Debate continues in Roseboro between the town board and a member of the town’s cemetery committee over the board’s previous decision to place lights in the cemetery and members’ stance concerning graves with no permanent markers.
Dino Williams, a member of the Roseboro cemetery committee, came forward during Tuesday night’s town meeting, calling the board’s previous decision to light the cemetery “ridiculous.”
Williams asked the board if they had crunched the numbers to see how much the cemetery lights would cost.
“I figured it and two lights, the two poles and the electricity, is going to cost $259. 92 a year,” said Williams. “Who’s going to pay for that?”
“You’re going to pay Progress Energy,” continued Williams, claiming that the expense could lead to budget cuts.
Commissioner Alice Butler responded that the board was aware of the cost of the lights, adding that she had proof of their consideration in her notes.
“We didn’t go into this blind. We knew it was going to cost,” said Butler. “Everything [with the cemetery lights] has been put on hold for now anyway.”
When contacted later for follow up questions, town clerk Amanda Beatty explained that the reason for the hold is because the town board has not yet fully decided whether they are actually going to go through with lighting the cemetery or not.
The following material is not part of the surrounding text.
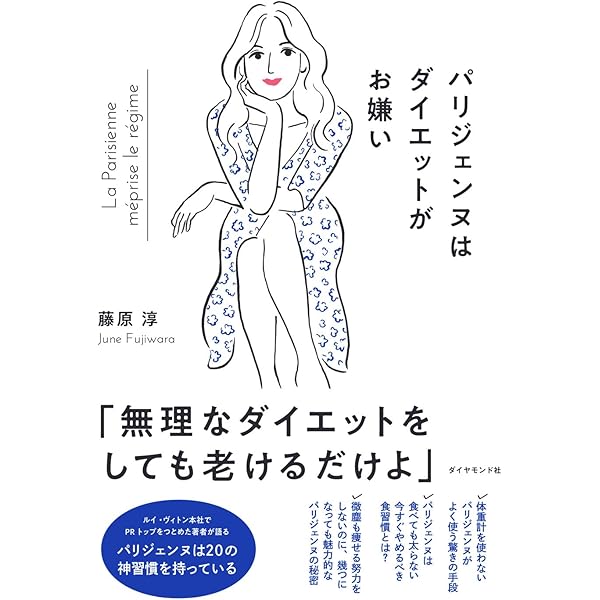 Amazon.co.jp: 40過ぎてパリジェンヌの思うこと : カロリーヌ・ド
Even if members do decide in favor of the lights, the question of how many lights to place in the cemetery is still being discussed.
According to Williams, the move to place lights in the cemetery should be put on hold as there are other issues with the cemetery that are more important and need to be addressed first. “There are 10 graves out there [in the Snow Hill cemetery] that people don’t know who’s buried there.”
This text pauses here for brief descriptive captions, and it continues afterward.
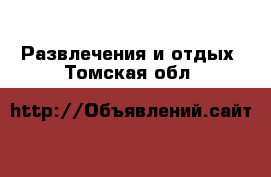  Развлечения и отдых. Томская обл.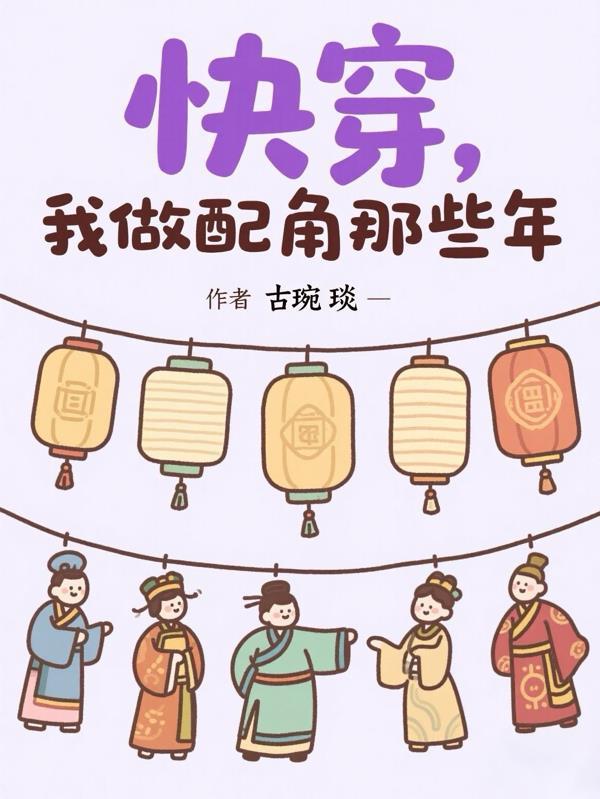 做配角很幸福知乎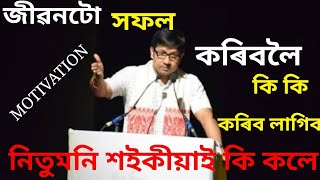 NITUMANI SAIKIA speechpart3MOTIVATION speech [upl. by Pompei]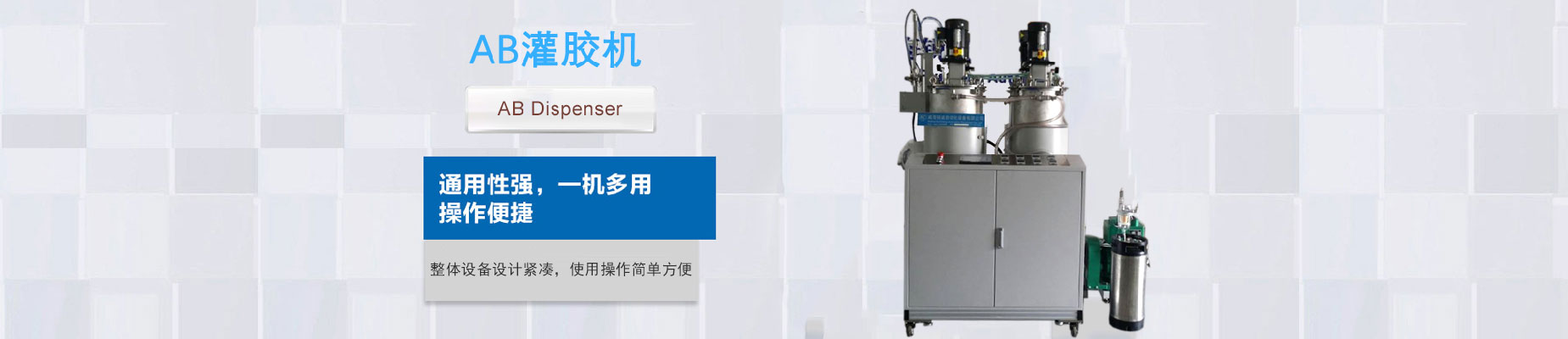 真空灌胶机,环氧树脂真空灌胶机,AB胶双液灌胶机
Williams shared that the metal grave markers placed on the graves do not last because those mowing the grass in the cemetery hit the markers with their lawn mowers, “flinging the markers into the field.”
“This has been going on for quite a while,” noted Williams, who has shared his concerns with the board during town meetings before.
After suggesting that the town deal with the problem by purchasing small, concrete markers and placing them flat in the ground, commissioner Butler responded, “But it’s not the town’s responsibility to put markers there; it’s the family’s responsibility.”
“Once the [grave] plot is sold, then it’s not the town’s anymore,” continued Butler.
Williams pointed out that some families cannot afford a headstone for a loved one’s grave.
Commissioner Anthony Bennett jumped in, saying that he understood where Williams was coming from but he also understood Butler’s point.
Bennett asked if Williams had figured the cost of placing permanent markers on the now unmarked graves.
Williams answered that he had talked with a man in Clinton who makes headstones and said that the permanent markers would probably cost around $10 a piece.
Although the board again brought up that the town was not responsible, Bennett, wanting to know a more definite price, asked Williams to “get us a price for the markers … we will take it all into consideration.”
During the exchange, Butler also encouraged Williams and the rest of the cemetery committee to work together. “There are three of you on the cemetery committee,” noted Butler, adding that until recently many of the town commissioners were not aware that there even was a cemetery committee. “You all need to come together as a committee and make a proposal to us.”